In the wireless stack, I fixed an old bug in the iwm(4) driver which prevented RTS frame protection from being used for frames above a certain size.
Briefly explained, RTS protection avoids data frame collisions by sending a special "Request-To-Send"' frame to all wireless devices on the channel, which essentially says:
"I am going to transmit the next data frame, and I will require N msec of time to do so, now everyone else please stay quiet until I'm done."
The RTS mechanism (or, more generally, RTS/CTS) reduces chances of interference due to direct competition for the medium. Direct competition works very well in Ethernet but works less well for radio networks because of the hidden node problem. RTS/CTS helps especially in cases where older wireless devices, which do not understand frame formats introduced in newer standards, are present. An access point may advise everyone to use RTS protection by setting a flag in its beacon, e.g. an 11g AP might set this flag if an 11b device shows up. Additionally, any device may independently decide to use RTS for any reason.

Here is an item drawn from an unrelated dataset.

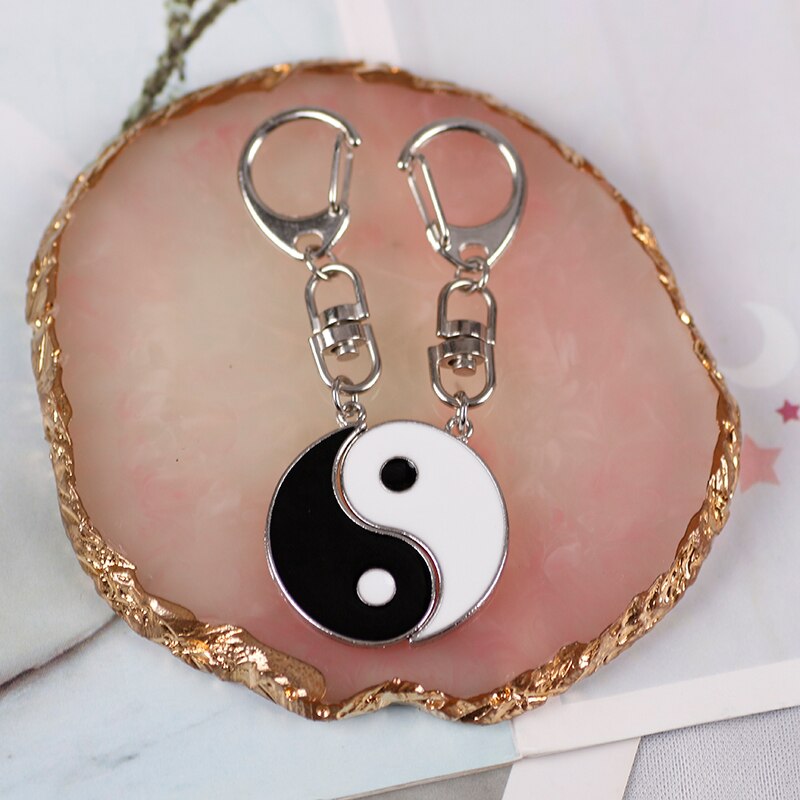 Superventas, yin y yang, costura de aleación, dos pétalos, piscis, pareja llave, anillo, mochila, colgante, llavero, accesorio de ,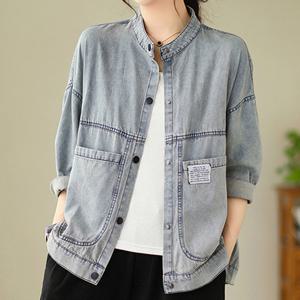 [유니제이] 이스 빅 포켓 차이나넥 데님자켓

A common client-side heuristic is to use RTS for frames which exceed a particular size because larger frames are more likely to get damaged by interference since they take more time to transmit.
Later on, I realized the above fix was useless in isolation, since our wireless stack had been setting the RTS threshold to the maximum frame size since 2004. This was in response to phessler@ reporting the wireless network in our hack room was so unusable for him he could not even copy kernels between laptops. After looking over packet traces which showed that each frame was being retried up to about 10 times, we forced RTS on and packets started flowing smoothly. Similar fixes related to RTS went into the rtwn(4) and urtwn(4) drivers.
I also repaired the ural(4) driver which was broken according to a report by martijn@. A typo introduced sometime in November last year caused a check in the transmit logic to flip around, so the driver was programmed to not send any frames while the device was up, and send frames only while the device was down... Obviously, that won't work.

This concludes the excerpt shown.